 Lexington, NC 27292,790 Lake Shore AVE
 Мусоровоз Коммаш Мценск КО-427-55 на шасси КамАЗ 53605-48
...
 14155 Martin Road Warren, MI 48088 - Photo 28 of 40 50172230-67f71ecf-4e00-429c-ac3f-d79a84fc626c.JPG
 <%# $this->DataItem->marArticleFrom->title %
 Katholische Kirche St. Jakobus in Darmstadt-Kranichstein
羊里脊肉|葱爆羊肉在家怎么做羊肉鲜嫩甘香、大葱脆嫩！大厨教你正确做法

What you have to do: In the records above, the line with "<%# $this->DataItem->marArticleFrom->title %" marks the start and the line with "羊里脊肉|葱爆羊肉在家怎么做羊肉鲜嫩甘香、大葱脆嫩！大厨教你正确做法" marks the end; copy that stretch exactly, both lines included, and nothing else.

Output for this exercise:
 <%# $this->DataItem->marArticleFrom->title %
 Katholische Kirche St. Jakobus in Darmstadt-Kranichstein
羊里脊肉|葱爆羊肉在家怎么做羊肉鲜嫩甘香、大葱脆嫩！大厨教你正确做法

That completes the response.